(Dataset items)
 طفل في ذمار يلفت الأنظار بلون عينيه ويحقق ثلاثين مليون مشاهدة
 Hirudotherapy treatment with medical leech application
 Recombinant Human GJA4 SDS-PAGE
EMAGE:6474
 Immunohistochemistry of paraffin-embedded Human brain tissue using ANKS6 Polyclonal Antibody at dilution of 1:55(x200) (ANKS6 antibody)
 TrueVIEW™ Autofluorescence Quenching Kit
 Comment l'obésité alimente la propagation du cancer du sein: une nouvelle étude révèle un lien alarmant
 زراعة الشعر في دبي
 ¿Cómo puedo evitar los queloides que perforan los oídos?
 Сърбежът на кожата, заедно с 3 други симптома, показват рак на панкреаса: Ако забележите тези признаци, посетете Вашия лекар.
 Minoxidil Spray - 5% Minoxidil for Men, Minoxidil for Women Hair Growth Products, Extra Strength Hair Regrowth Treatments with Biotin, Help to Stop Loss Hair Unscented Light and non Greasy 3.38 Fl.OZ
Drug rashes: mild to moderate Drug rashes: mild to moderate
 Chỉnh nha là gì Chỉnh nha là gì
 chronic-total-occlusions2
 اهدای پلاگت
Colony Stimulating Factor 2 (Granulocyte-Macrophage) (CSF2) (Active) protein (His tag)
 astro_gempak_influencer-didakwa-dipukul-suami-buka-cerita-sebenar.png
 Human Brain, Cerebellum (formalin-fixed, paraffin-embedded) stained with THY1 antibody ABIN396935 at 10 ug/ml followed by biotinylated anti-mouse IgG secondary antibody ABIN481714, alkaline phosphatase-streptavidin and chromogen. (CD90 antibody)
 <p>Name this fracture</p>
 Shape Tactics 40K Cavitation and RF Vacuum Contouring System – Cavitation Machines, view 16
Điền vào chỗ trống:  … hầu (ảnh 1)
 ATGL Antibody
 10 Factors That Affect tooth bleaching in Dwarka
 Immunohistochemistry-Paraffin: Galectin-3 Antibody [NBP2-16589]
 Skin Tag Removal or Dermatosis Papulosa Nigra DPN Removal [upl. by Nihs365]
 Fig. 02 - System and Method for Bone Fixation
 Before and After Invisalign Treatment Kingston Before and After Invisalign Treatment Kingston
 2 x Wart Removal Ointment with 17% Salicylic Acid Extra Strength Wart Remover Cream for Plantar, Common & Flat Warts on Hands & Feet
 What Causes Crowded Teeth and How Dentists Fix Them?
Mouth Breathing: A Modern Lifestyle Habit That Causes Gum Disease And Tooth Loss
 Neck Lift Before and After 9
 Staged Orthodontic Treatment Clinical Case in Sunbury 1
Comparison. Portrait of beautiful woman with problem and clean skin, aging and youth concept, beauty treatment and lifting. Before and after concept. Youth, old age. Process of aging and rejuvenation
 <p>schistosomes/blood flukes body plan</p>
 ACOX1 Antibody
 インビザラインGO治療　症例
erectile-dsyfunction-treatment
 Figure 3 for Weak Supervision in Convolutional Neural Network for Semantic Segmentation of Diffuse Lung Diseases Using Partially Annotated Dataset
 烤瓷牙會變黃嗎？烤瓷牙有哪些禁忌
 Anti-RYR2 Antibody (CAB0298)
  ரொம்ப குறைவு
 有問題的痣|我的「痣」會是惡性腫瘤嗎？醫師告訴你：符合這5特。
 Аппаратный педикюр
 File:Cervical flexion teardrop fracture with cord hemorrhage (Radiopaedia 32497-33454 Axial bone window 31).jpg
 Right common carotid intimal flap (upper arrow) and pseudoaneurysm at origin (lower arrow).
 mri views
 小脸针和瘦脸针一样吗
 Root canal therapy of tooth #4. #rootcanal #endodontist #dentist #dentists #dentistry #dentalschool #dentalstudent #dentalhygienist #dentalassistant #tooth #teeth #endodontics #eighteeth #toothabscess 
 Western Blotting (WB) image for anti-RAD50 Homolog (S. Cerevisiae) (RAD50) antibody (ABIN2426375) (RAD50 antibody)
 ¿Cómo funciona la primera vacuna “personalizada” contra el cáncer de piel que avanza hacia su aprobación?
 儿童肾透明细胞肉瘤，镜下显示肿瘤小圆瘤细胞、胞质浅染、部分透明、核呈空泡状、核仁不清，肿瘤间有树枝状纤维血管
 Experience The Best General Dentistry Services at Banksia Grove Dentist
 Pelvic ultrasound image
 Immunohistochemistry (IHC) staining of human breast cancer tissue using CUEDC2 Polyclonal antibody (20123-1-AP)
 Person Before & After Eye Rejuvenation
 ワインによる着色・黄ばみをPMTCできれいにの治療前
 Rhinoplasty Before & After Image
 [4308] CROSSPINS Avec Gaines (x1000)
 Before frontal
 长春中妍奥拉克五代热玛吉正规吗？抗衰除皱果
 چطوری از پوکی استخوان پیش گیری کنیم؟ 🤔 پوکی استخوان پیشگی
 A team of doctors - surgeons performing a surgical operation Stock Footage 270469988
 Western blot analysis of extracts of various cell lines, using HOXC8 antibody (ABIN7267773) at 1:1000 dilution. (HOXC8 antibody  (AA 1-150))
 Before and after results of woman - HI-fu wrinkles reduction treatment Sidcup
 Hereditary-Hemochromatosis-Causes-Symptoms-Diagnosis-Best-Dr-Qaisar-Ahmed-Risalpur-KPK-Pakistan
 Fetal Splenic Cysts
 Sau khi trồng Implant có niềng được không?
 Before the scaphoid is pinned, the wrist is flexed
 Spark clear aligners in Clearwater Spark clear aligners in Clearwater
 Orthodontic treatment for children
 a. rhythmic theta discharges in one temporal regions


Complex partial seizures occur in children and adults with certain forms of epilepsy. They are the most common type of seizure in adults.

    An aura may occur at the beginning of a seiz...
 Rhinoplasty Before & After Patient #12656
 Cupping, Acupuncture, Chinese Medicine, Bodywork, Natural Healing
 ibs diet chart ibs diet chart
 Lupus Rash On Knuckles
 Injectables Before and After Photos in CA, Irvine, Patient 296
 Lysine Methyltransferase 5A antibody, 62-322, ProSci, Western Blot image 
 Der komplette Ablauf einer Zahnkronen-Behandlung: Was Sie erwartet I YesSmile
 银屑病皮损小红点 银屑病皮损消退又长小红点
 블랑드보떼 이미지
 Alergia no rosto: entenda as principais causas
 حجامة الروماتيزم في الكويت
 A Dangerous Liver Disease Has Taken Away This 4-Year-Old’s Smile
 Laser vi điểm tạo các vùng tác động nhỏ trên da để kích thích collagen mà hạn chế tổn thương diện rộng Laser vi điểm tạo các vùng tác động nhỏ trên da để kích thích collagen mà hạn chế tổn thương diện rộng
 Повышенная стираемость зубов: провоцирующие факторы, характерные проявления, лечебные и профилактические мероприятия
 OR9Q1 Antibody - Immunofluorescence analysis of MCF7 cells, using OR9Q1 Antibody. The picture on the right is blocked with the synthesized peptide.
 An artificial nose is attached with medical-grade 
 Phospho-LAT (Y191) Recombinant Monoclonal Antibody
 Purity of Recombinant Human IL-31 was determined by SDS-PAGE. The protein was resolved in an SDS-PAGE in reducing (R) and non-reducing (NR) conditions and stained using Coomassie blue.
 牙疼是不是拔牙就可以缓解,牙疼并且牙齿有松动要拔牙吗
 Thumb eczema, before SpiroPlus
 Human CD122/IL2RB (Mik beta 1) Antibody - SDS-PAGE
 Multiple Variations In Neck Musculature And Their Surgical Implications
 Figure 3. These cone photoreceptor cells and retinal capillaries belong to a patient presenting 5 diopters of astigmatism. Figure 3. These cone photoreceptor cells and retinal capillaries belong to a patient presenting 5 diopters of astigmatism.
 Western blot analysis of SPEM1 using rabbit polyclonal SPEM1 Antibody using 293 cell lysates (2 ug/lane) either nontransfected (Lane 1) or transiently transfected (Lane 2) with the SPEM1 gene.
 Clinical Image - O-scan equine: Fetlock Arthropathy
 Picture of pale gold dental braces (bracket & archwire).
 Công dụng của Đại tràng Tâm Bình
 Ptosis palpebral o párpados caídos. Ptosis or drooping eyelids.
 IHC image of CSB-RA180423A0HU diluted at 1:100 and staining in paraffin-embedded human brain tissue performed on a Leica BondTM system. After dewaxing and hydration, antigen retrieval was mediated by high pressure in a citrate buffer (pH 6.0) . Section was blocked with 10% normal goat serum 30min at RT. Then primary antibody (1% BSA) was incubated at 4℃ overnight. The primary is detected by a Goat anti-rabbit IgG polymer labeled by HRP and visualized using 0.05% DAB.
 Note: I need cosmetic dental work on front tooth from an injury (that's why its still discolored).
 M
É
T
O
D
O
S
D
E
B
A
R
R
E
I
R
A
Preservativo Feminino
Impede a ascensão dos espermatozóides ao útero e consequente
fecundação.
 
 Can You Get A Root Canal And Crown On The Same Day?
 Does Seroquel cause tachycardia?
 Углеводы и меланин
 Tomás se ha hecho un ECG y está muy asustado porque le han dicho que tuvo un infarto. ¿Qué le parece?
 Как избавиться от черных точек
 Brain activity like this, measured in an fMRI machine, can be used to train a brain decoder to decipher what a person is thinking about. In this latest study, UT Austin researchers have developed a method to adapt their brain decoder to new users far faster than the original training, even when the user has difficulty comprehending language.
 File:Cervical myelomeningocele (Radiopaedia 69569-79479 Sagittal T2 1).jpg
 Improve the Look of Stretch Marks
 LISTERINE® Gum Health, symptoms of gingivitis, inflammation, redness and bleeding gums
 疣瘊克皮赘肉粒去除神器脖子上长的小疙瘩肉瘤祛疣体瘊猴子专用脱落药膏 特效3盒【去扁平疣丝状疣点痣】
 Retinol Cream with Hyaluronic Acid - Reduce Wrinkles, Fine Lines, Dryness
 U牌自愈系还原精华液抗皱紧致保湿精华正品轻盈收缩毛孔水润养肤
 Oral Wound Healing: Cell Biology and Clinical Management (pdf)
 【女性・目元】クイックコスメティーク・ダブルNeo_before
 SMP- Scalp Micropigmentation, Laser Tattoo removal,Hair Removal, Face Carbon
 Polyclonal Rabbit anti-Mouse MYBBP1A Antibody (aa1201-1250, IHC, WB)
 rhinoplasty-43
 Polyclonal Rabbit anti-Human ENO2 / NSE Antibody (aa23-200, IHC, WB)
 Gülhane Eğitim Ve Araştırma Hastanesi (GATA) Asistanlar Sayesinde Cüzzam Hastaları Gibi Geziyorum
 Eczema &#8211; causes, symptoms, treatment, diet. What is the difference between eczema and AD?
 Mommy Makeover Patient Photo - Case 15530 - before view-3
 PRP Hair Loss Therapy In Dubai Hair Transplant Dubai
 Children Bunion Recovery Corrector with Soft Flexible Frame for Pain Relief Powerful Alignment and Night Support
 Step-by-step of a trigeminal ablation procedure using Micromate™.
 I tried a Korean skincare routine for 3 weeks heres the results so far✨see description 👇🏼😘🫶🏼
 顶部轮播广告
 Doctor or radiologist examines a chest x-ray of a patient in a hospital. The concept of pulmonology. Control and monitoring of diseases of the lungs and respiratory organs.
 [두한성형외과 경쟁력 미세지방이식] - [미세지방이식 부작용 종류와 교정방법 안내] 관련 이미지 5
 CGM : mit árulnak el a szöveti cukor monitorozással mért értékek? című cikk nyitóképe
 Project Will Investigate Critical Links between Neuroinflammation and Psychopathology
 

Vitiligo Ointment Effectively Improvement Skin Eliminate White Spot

[Your objective] When a line of the records includes "Best", that line belongs in the answer.

[Answer space]
 Experience The Best General Dentistry Services at Banksia Grove Dentist
 Hereditary-Hemochromatosis-Causes-Symptoms-Diagnosis-Best-Dr-Qaisar-Ahmed-Risalpur-KPK-Pakistan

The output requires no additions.